WHAT IS BEING ASKED:
From the first line to the last, reproduce the records below exactly, omitting any picture.

MATERIAL SHOWN:
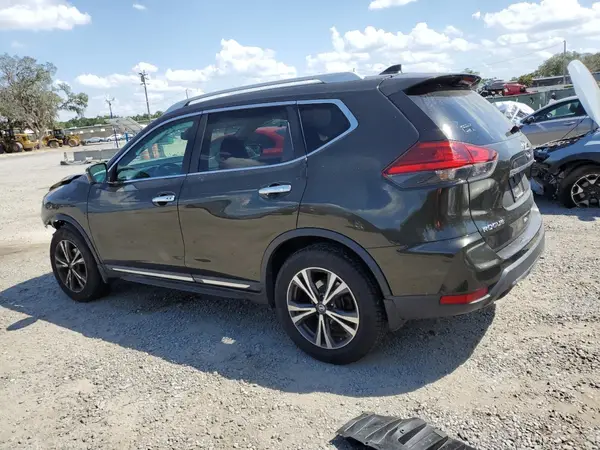 5N1AT2MV9HC762164 2017 NISSAN ROGUE - Image 2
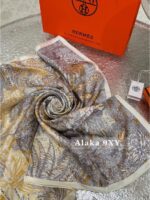 Hermes H  24 new models in small quantities  Collection level "Tropical Rainforest Treasure" series/18mm doublesided silk with multiple usescan be used as a strapless mask - Image 13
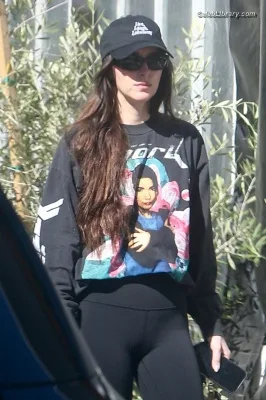 Dakota Johnson photo 18 of 1132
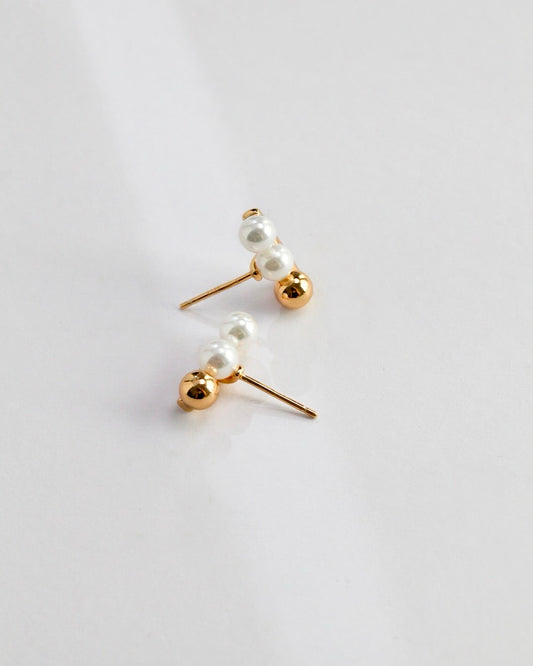 18K Gold Plated Vermeil Minimalist Shell Pearl Linear Earrings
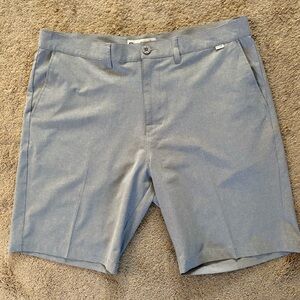 Travis Mathew Dri Fit Men’s Gray Golf Shorts Size 38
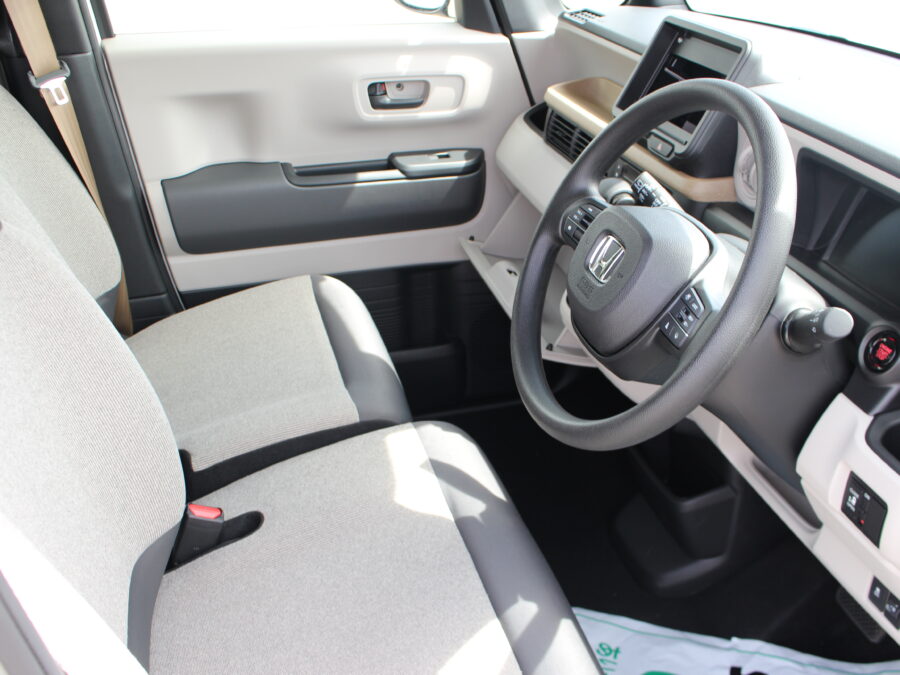 NBOX ベースグレード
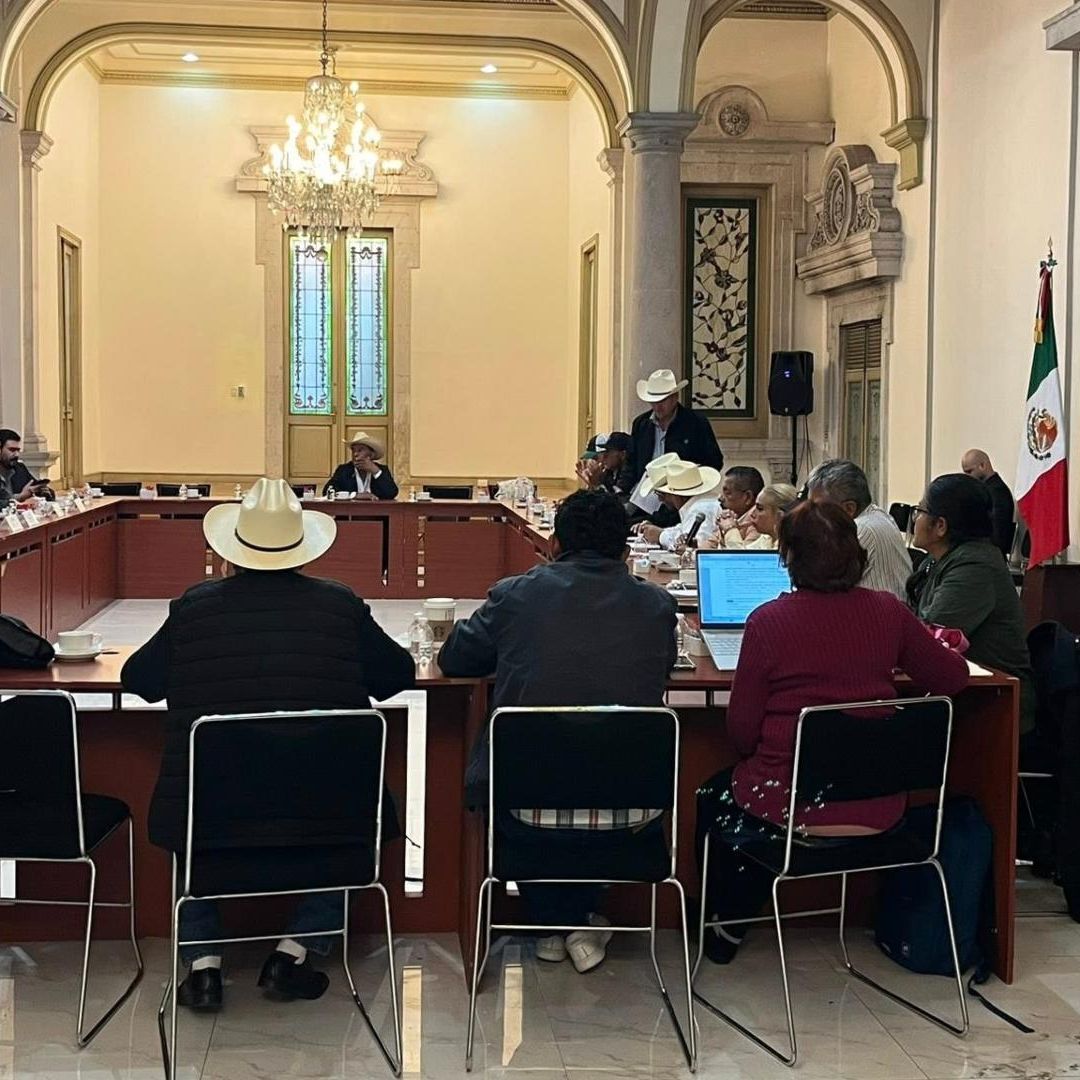 Transportistas y Agricultores Llegan a Acuerdo con Segob: ¿A Qué Puntos Llegaron?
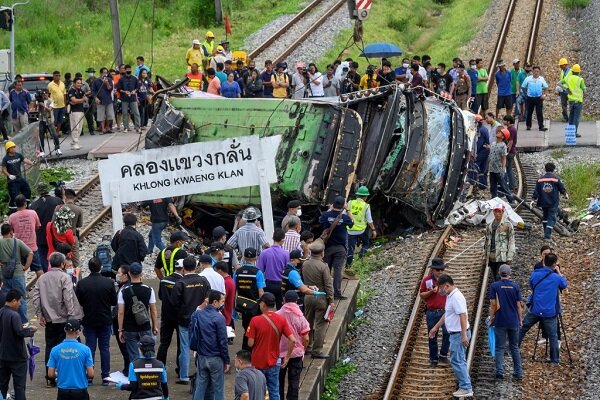 Tayland'da otobüsle tren çarpıştı: Çok sayıda ölü ve yaralı var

RESULT:
 5N1AT2MV9HC762164 2017 NISSAN ROGUE - Image 2
 Hermes H  24 new models in small quantities  Collection level "Tropical Rainforest Treasure" series/18mm doublesided silk with multiple usescan be used as a strapless mask - Image 13
 Dakota Johnson photo 18 of 1132
 18K Gold Plated Vermeil Minimalist Shell Pearl Linear Earrings
 Travis Mathew Dri Fit Men’s Gray Golf Shorts Size 38
 NBOX ベースグレード
 Transportistas y Agricultores Llegan a Acuerdo con Segob: ¿A Qué Puntos Llegaron?
 Tayland'da otobüsle tren çarpıştı: Çok sayıda ölü ve yaralı var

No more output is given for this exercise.